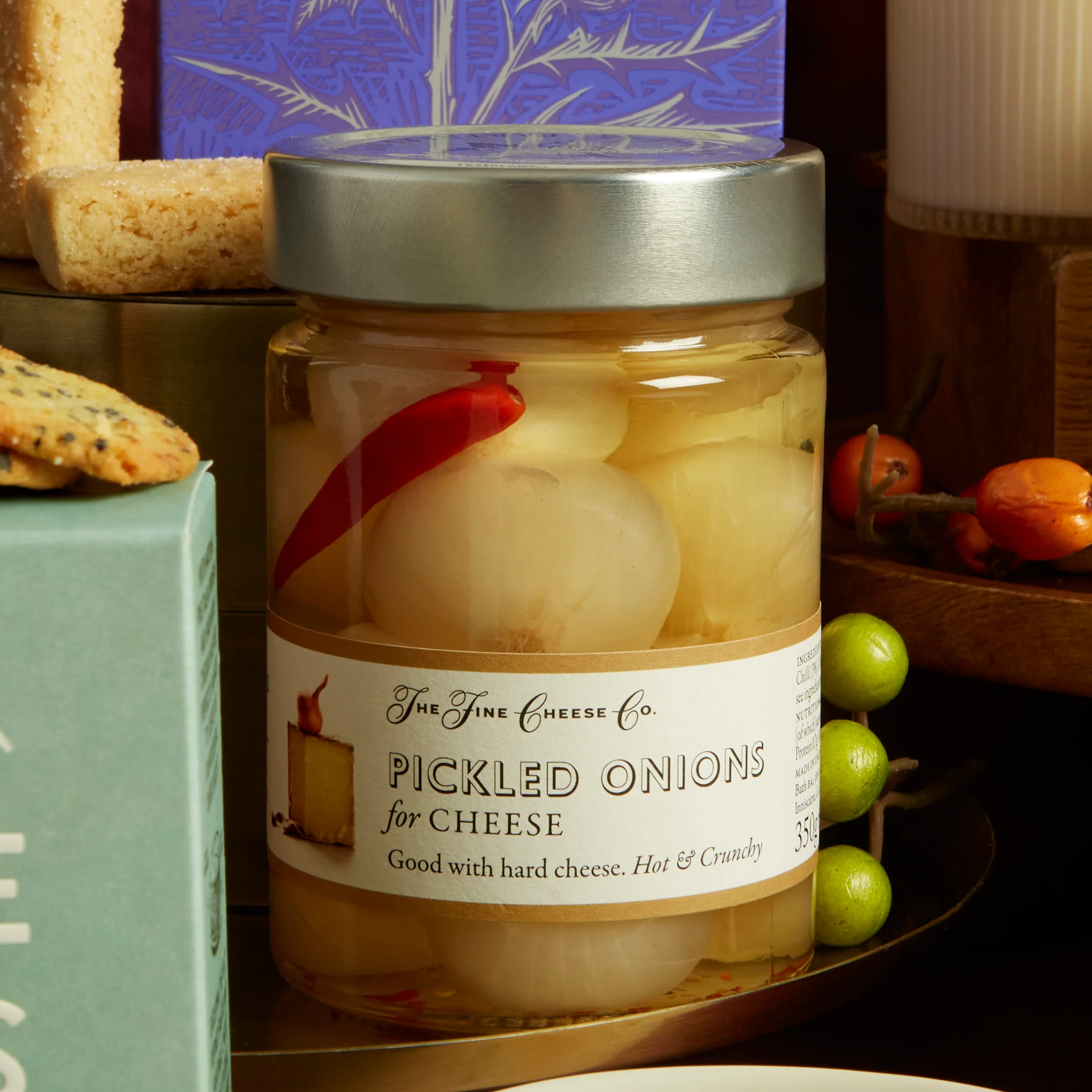 The Christmas Celebration Hamper - Image 13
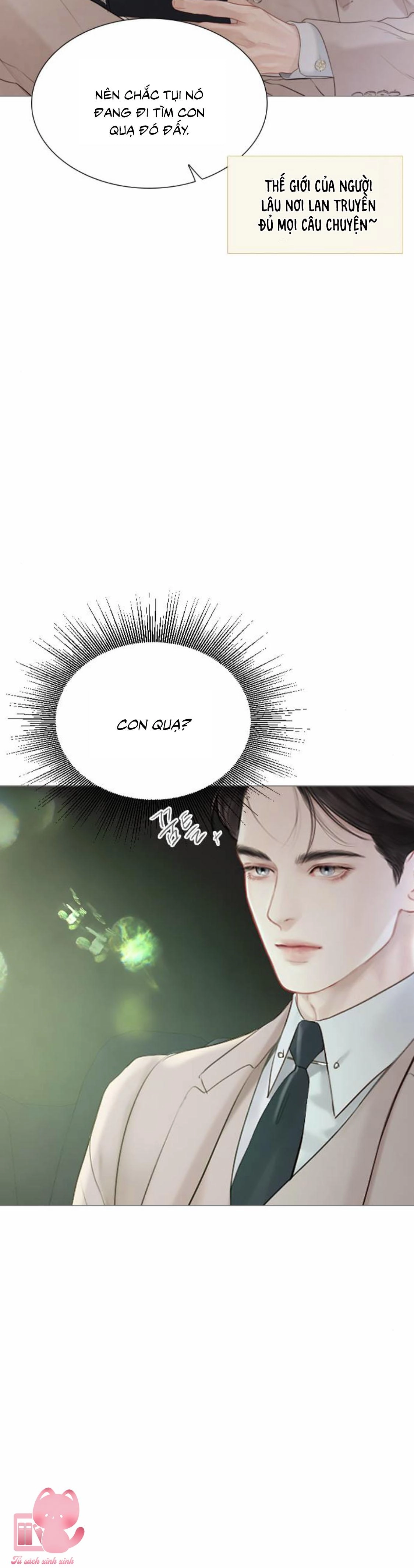 Hãy Khóc Và Cầu Nguyện Đi Chapter 20 - 7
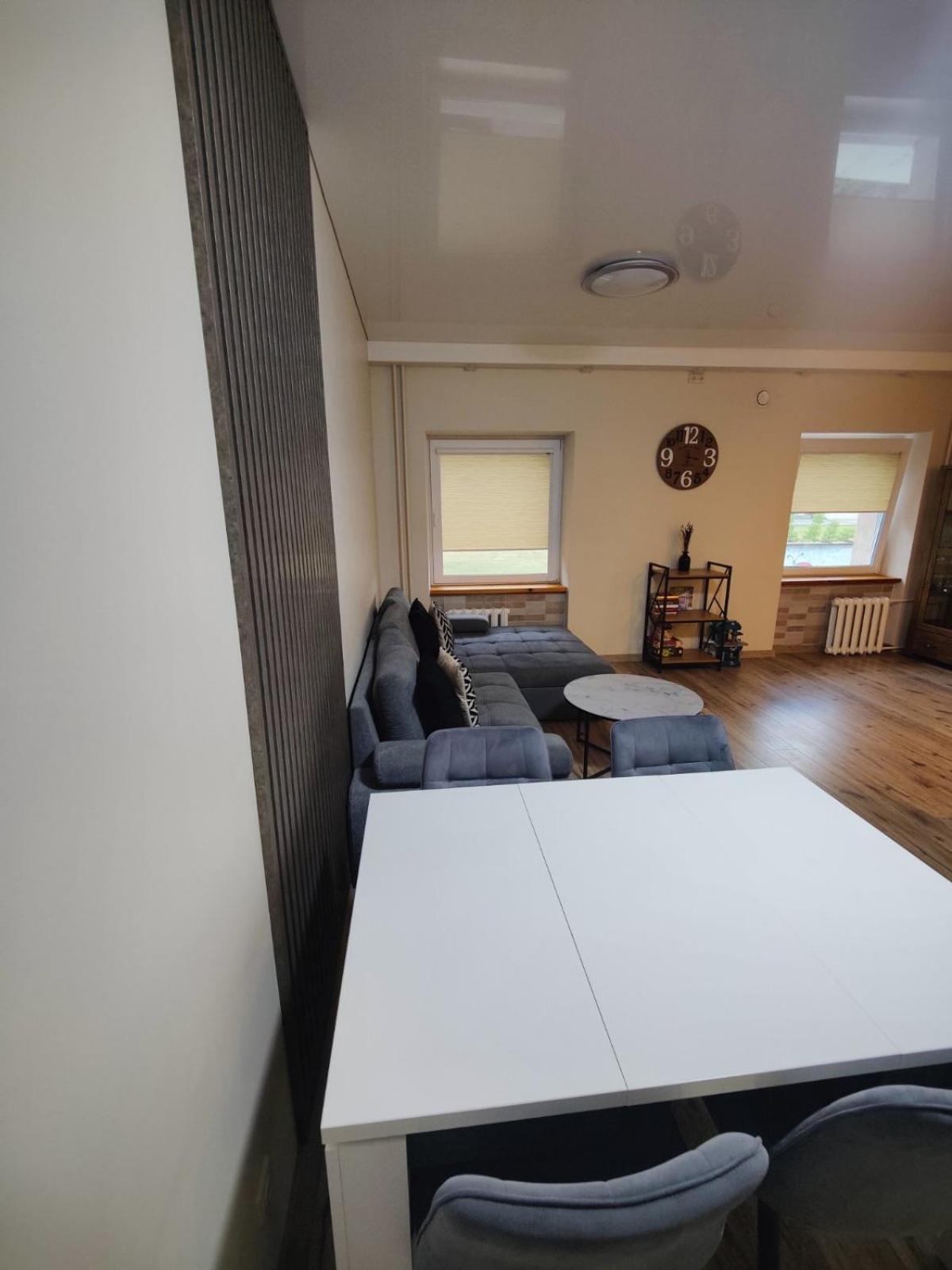 V15 Apartment Друскінінкай Екстер'єр фото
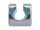 Kábelfék, kuplung SIP a Vespa 50-125, PV, ET3, 125 VNB-TS, 150 VBA-Super, 160 GS, 180 SS, Rally, PX80-200, PE, Lusso, T5, PX80-200, PE, Lusso, T5 modellekhez.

» **Task details**
An exact copy of the listing is required, with every image removed.

» **Solution to the exercise**
 The Christmas Celebration Hamper - Image 13
 Hãy Khóc Và Cầu Nguyện Đi Chapter 20 - 7
 V15 Apartment Друскінінкай Екстер'єр фото
 Kábelfék, kuplung SIP a Vespa 50-125, PV, ET3, 125 VNB-TS, 150 VBA-Super, 160 GS, 180 SS, Rally, PX80-200, PE, Lusso, T5, PX80-200, PE, Lusso, T5 modellekhez.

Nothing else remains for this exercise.